Exploring online data - abraker95/ultimate_osu_analyzer GitHub Wiki

In this tutorial we will explore the data WebBeatmapset, WebBeatmap, and WebScore objects contain. We will also learn how to gather specific information. For instance, you can collect all plays that are below a certain accuracy, combo, search for a specific player, and much more.


JSON to Object Converter

The first thing that needs to be said about these objects is that they are generated from JSON data. They are extended from the base class located in misc/util/json_obj.py which converts JSON data into a Python object, albeit shallowly. This means that JSON data such as:

{
    var1 = "string",
    var2 = 1234,
    var3 = [ 2, 3, 4, 5, 6 ]
    var4 = {
         subvar1 = "more string",
         subvar2 = 12345
    }
}

Is converted into an object that would be equivalent to:

class Obj():
    def __init__(self):
        self.var1 = "string"
        self.var2 = 1234
        self.var3 = [ 2, 3, 4, 5, 6 ]
        self.var4 = {
            subvar1 = "more string",
            subvar2 = 12345
        }

The WebBeatmapset, WebBeatmap, and WebScore objects we will be talking about are located in osu/online/structs/web_structs.py.

WebBeatmapset

The function from the first tutorial, CmdOnline.get_latest_beatmapsets(gamemode) returns a list of 50 WebBeatmapset objects.
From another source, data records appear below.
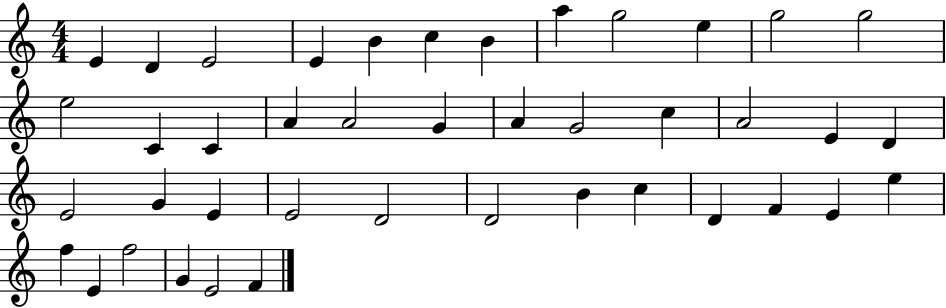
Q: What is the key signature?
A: C major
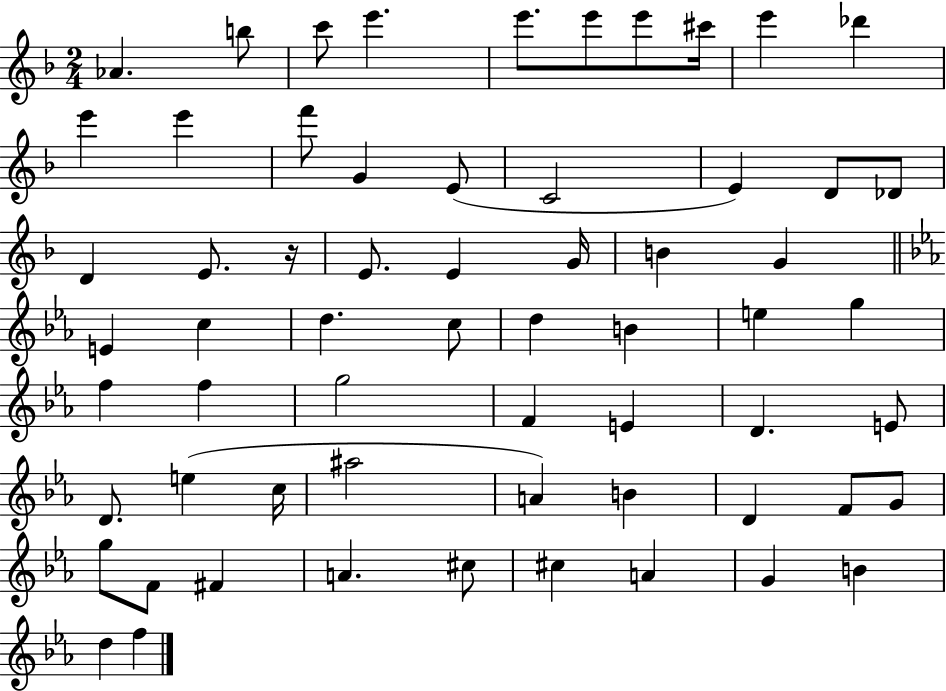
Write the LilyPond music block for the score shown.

{
  \clef treble
  \numericTimeSignature
  \time 2/4
  \key f \major
  aes'4. b''8 | c'''8 e'''4. | e'''8. e'''8 e'''8 cis'''16 | e'''4 des'''4 | \break e'''4 e'''4 | f'''8 g'4 e'8( | c'2 | e'4) d'8 des'8 | \break d'4 e'8. r16 | e'8. e'4 g'16 | b'4 g'4 | \bar "||" \break \key ees \major e'4 c''4 | d''4. c''8 | d''4 b'4 | e''4 g''4 | \break f''4 f''4 | g''2 | f'4 e'4 | d'4. e'8 | \break d'8. e''4( c''16 | ais''2 | a'4) b'4 | d'4 f'8 g'8 | \break g''8 f'8 fis'4 | a'4. cis''8 | cis''4 a'4 | g'4 b'4 | \break d''4 f''4 | \bar "|."
}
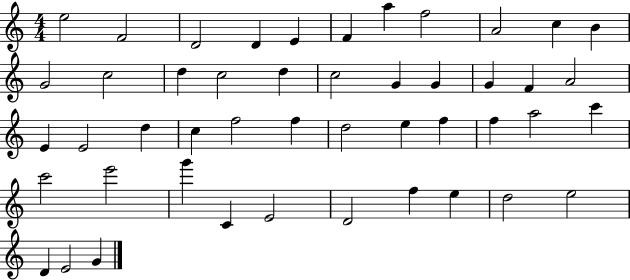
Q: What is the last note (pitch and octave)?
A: G4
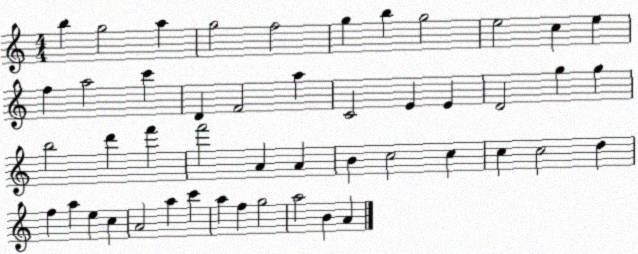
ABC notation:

X:1
T:Untitled
M:4/4
L:1/4
K:C
b g2 a g2 f2 g b g2 e2 c e f a2 c' D F2 a C2 E E D2 g g b2 d' f' f'2 A A B c2 c c c2 d f a e c A2 a c' a f g2 a2 B A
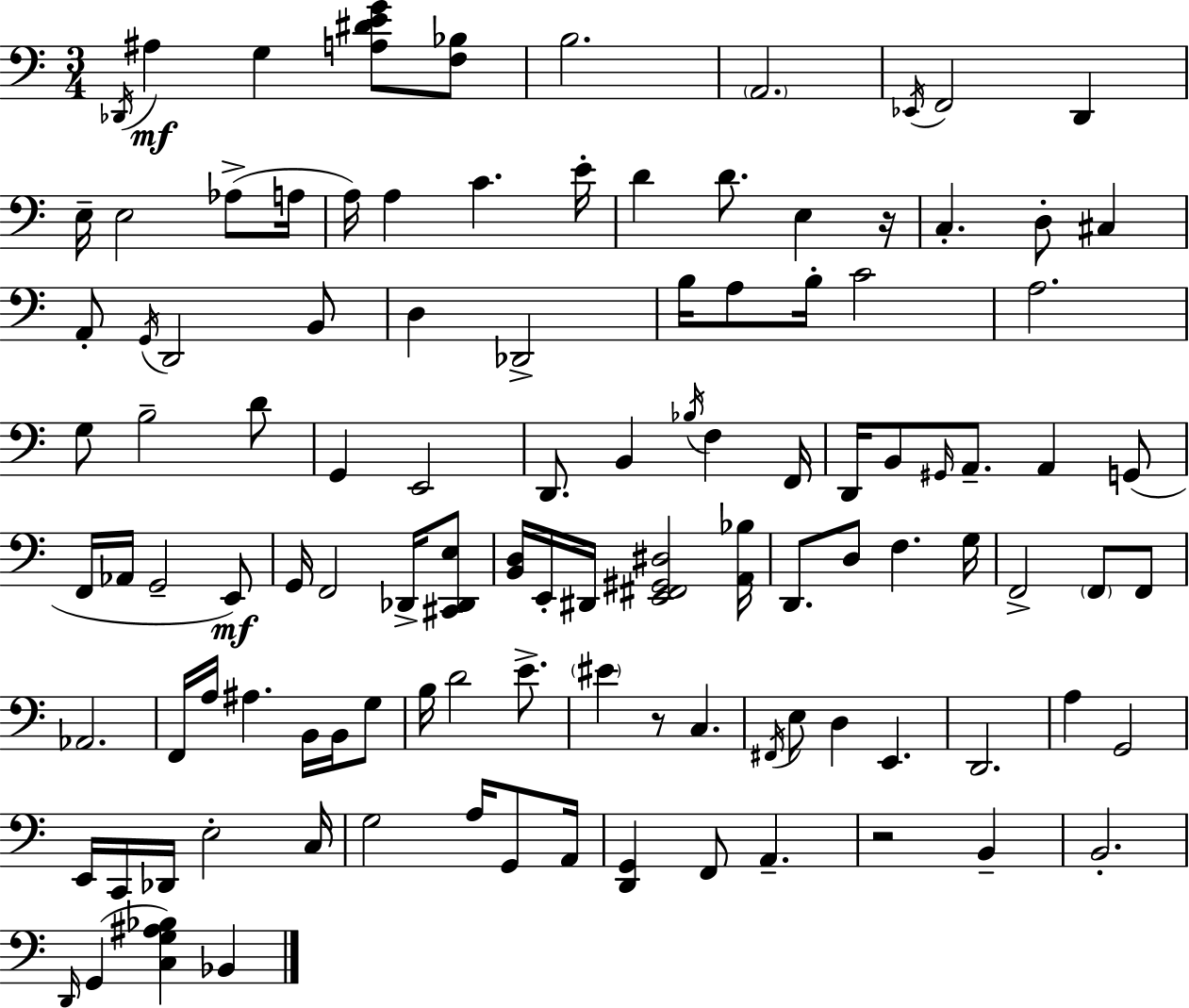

The following is a sample of WebBeatmapset data in JSON format:

{
    "id"              : 950955,
    "title"           : "Cristalisia",
    "artist"          : "onoken",
    "play_count"      : 2538,
    "favourite_count" : 7,
    "has_favourited"  : false,
    "submitted_date"  : "2019-04-05T09:26:52+00:00",
    "last_updated"    : "2019-05-20T18:39:11+00:00",
    "ranked_date"     : "2019-05-28T11:20:01+00:00",
    "creator"         : "Mir",
    "user_id"         : 8688812,
    "bpm"             : 134,
    "source"          : "Cytus II",
    "covers" : 
    {
        "cover"       : "https:\/\/assets.ppy.sh\/beatmaps\/950955\/covers\/cover.jpg?1558377565",
        "cover@2x"    : "https:\/\/assets.ppy.sh\/beatmaps\/950955\/covers\/[email protected]?1558377565",
        "card"        : "https:\/\/assets.ppy.sh\/beatmaps\/950955\/covers\/card.jpg?1558377565",
        "card@2x"     : "https:\/\/assets.ppy.sh\/beatmaps\/950955\/covers\/[email protected]?1558377565",
        "list"        : "https:\/\/assets.ppy.sh\/beatmaps\/950955\/covers\/list.jpg?1558377565",
        "list@2x"     : "https:\/\/assets.ppy.sh\/beatmaps\/950955\/covers\/[email protected]?1558377565",
        "slimcover"   : "https:\/\/assets.ppy.sh\/beatmaps\/950955\/covers\/slimcover.jpg?1558377565",
        "slimcover@2x": "https:\/\/assets.ppy.sh\/beatmaps\/950955\/covers\/[email protected]?1558377565"
    },
    "preview_url"       : "\/\/b.ppy.sh\/preview\/950955.mp3",
    "tags"              : "testimony 2 deemo",
    "video"             : false,
    "storyboard"        : false,
    "ranked"            : 1,
    "status"            : "ranked",
    "has_scores"        : true,
    "discussion_enabled": true,
    "discussion_locked" : false,
    "can_be_hyped"      : false,
    "hype": 
    {
        "current"  : 5,
        "required" : 5
    },
    "nominations": 
    {
        "current"  : 2,
        "required" : 2
    },
    "legacy_thread_url" : "https:\/\/osu.ppy.sh\/forum\/t\/890463",
    "beatmaps" : [ 
    {
        "id"                : 1985946,
        "beatmapset_id"     : 950955,
        "mode"              : "osu",
        "mode_int"          : 0,
        "convert"           : null,
        "difficulty_rating" : 5.21877,
        "version"           : "Fragments",
        "total_length"      : 127,
        "hit_length"        : 126,
        "cs"                : 4,
        "drain"             : 5,
        "accuracy"          : 8.5,
        "ar"                : 9.2,
        "playcount"         : 873,
        "passcount"         : 90,
        "count_circles"     : 467,
        "count_sliders"     : 215,
        "count_spinners"    : 2,
        "count_total"       : 903,
        "last_updated"      : "2019-05-20T18:39:11+00:00",
        "ranked"            : 1,
        "status"            : "ranked",
        "url"               : "https:\/\/osu.ppy.sh\/beatmaps\/1985946",
        "deleted_at"        : null
    }, ... ]
}

We can use the this data to filter the beatmapsets we want to take a look at. For example, beatmapsets with large play counts have more than 50 scores. Since we can only get top 50 scores, this causes only perfect or near perfect plays to be available to us. It can be hard to analyze which parts of the map are hard if players do them perfectly. So if we want to get beatmaps which have plays where the players are more likely to mess up, we need to get beatmaps with a lower play count. If we want to get all beatmapset with a play count below 2000, for example, we can do:

filtered_beatmapsets = [ beatmapset for beatmapset in beatmapsets if beatmapset.play_count < 2000 ]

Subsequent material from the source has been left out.